Va tutto alla rovescia: il presidente etero discriminato dai gay

Francesco Brollo ha trentasette anni. Ha una figlia che è una pupina di quattro anni che porta l’improbabile nome di Odetrigia, sarebbe «colei che indica il cammino», e una compagna altrettanto bella. Lui è un veneziano emigrato al sud, terra di Bari, il mare è sempre quello, adriatico. Francesco Brollo ama il cinema, come regista ha curato il film Pane Amaro, girato a Bari vecchia. Il cinema non c’entra, però anche se tra qualche riga leggerete di un colpo di scena.

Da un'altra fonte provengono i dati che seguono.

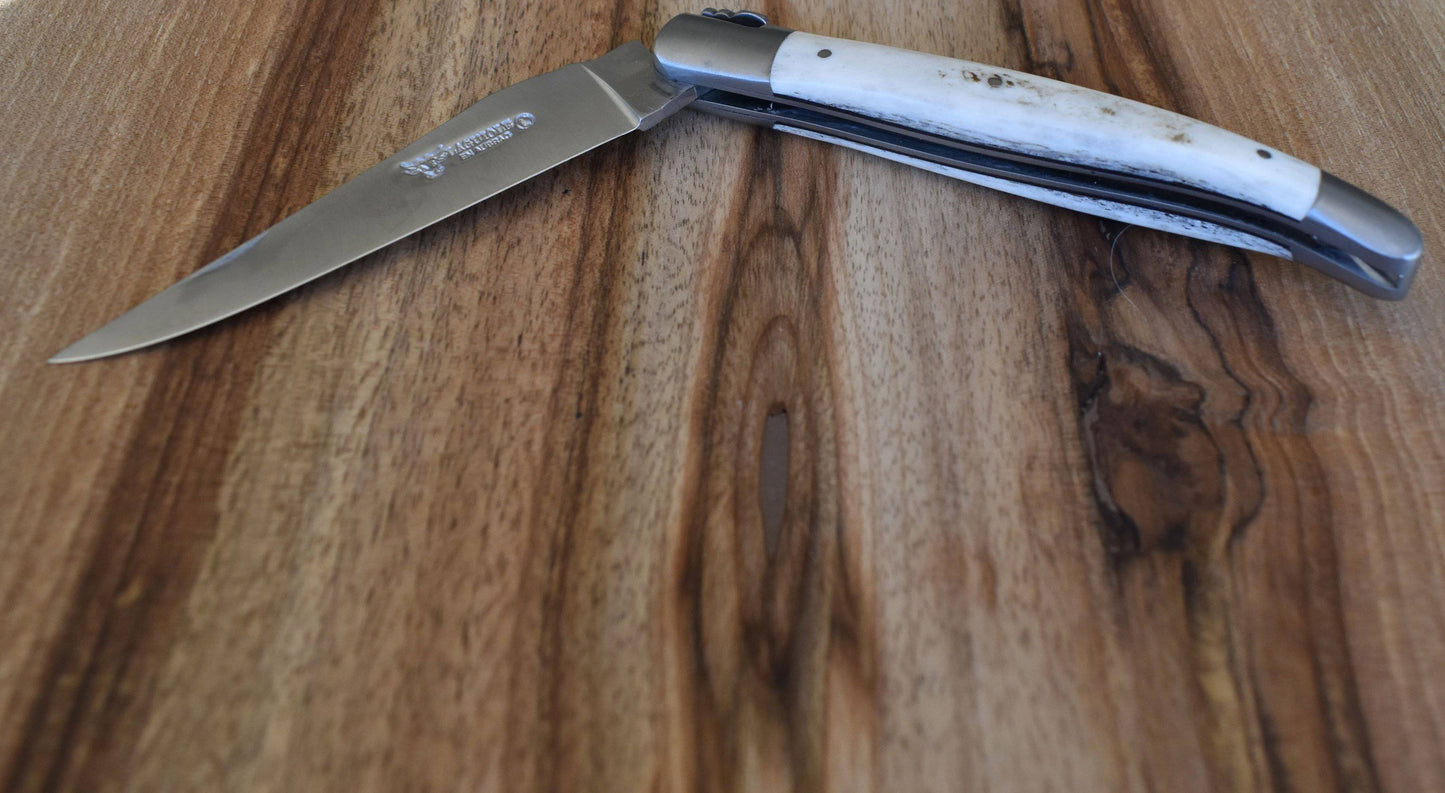 Laguiole en Aubrac Handcrafted Plated Multipurpose Knife, Sheep Crust Handle, 4.75 inches - LaguioleEnAubracShop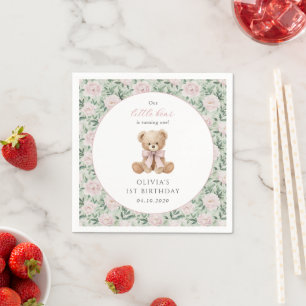 Teddy Bear, Pink Bow, Pink Flowers, First Birthday Napkin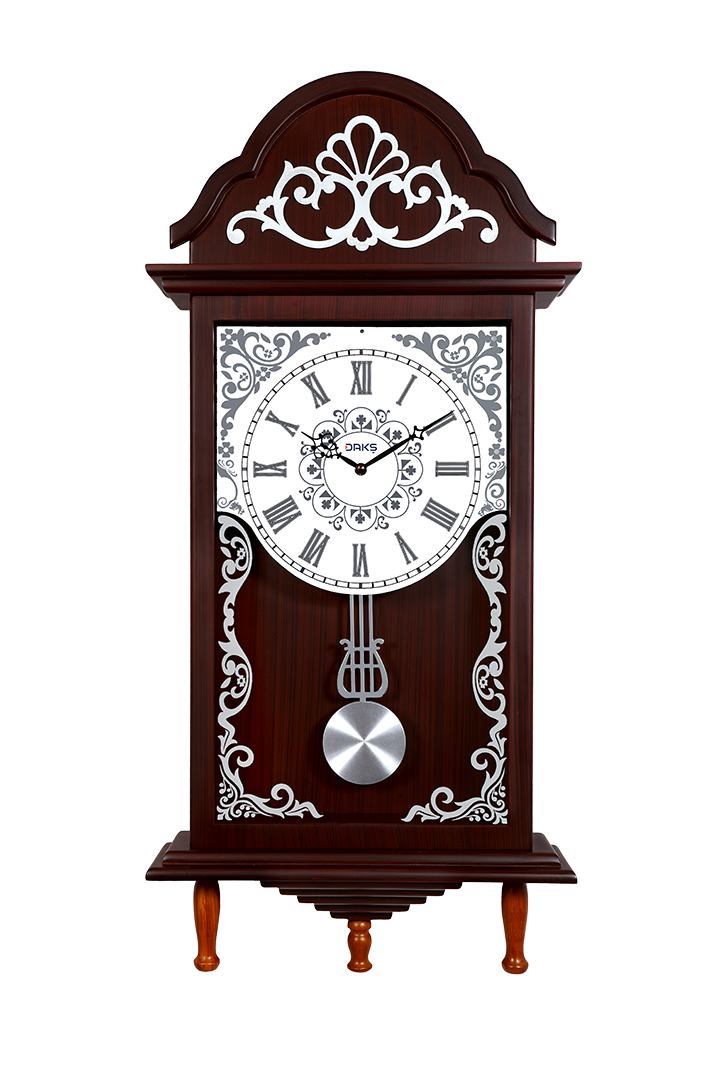 Vertical Wooden Designer Wall Clock – with Pendulum, Musical Chimes & Night Shut-Off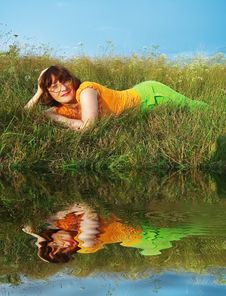 Girl On Grass Royalty Free Stock Photography Girl On Grass Royalty Free Stock Photography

Brollo è eterosessuale, dicono così le notizie di agenzia che, tuttavia, aggiungono: è stato eletto come presidente dell’Arcigay di Bari. È accaduto nel terzo congresso del comitato provinciale dell’associazione. Orrore, vergogna! Come può un uomo tutto di un pezzo comprendere problemi, esigenze e richieste di una popolazione ghettizzata e insultata, considerata diversa? Queste sarebbero, anzi sono, le tesi degli «altri» di chi non è iscritto all’associazione, degli etero poco etero, degli oppositori, dei bacchettoni, dei sedicenti «normali», di quelli che.
Ma ecco il colpo di scena: a ribellarsi è la minoranza petulante dell’associazione, i duri e puri, sostengono che Brollo non avrebbe la sensibilità, la pelle per rappresentare la «comunità», non saprebbe, non sa, ad esempio, che cosa significhi sentirsi urlare «ricchione di m...» davanti a spalti gremiti, non saprebbe e non sa che cosa si provi a vedere la gente ghignarti in faccia, oppure ad essere evitati quasi con «fastidio fisico, che cosa significhi ascoltare il mormorio di insinuazioni e di battutacce da caserma».
Insomma Brollo non è uno di loro, anzi. I contestatori scendono in corteo, scrivono, esprimono il loro disappunto, una cosa è lottare al fianco di qualcuno, altro è pretendere di guidarne la lotta al di fuori. La dirigenza esterna si impone agli incapaci, non si può avere un papa straniero e non piace il tentativo del Brollo di abbassare il tono delle polemiche per una sorta di banale ecumenismo. Tutta roba vera, questa, parole non dette con rabbia ma scritte, dunque pensate, elaborate secondo uno schema - mi è permesso? - tipiche del ghetto. Se ne fa, addirittura, una questione condominiale. Bari, insomma, è sprovvista di persone omosessuali che siano pronte, disposte, disponibili e capaci di assumere il comando, di gestire il problema, in breve di essere portavoce del movimento. Bah più che Bari.
La non notizia diventa una notizia ma Brollo è l’eccezione che conferma la regola, è la svolta, è uno schiaffo in faccia a chi crede che soltanto un assassino possa scrivere sui giornali di omicidi e un calciatore occuparsi di football. Brollo è lui il diverso tra normali, Brollo è un segnale ma con una premessa sostanziale: che nessuno pensi di strumentalizzare politicamente la faccenda, cosa che invece sta accadendo nelle ore successive alla nomina presidenziale, di qua i saggi, di là gli stolti.

Perché se volessi davvero mettere sotto il microscopio la questione si scoprirebbe che i bigotti e i sacrestani sono emersi e apparsi proprio dalla loro chiesa, la fronda a Brollo arriva dall’interno della comunità nella quale lo stesso neopresidente non si riconosce, non si individua preferendo una collocazione, questa diversa, si può stare insieme, senza chiedersi perché, come lui stesso dice, «io non mi rivolgo alla comunità omosessuale, io parlo con le persone e vivo in una società». Poi c’è il sensazionalismo, la ricerca del colpo ad effetto, la solita rissa di portineria. Il risultato è stato ottenuto. Per fortuna Odetrigia sa che suo papà è davvero diverso da tutti gli altri.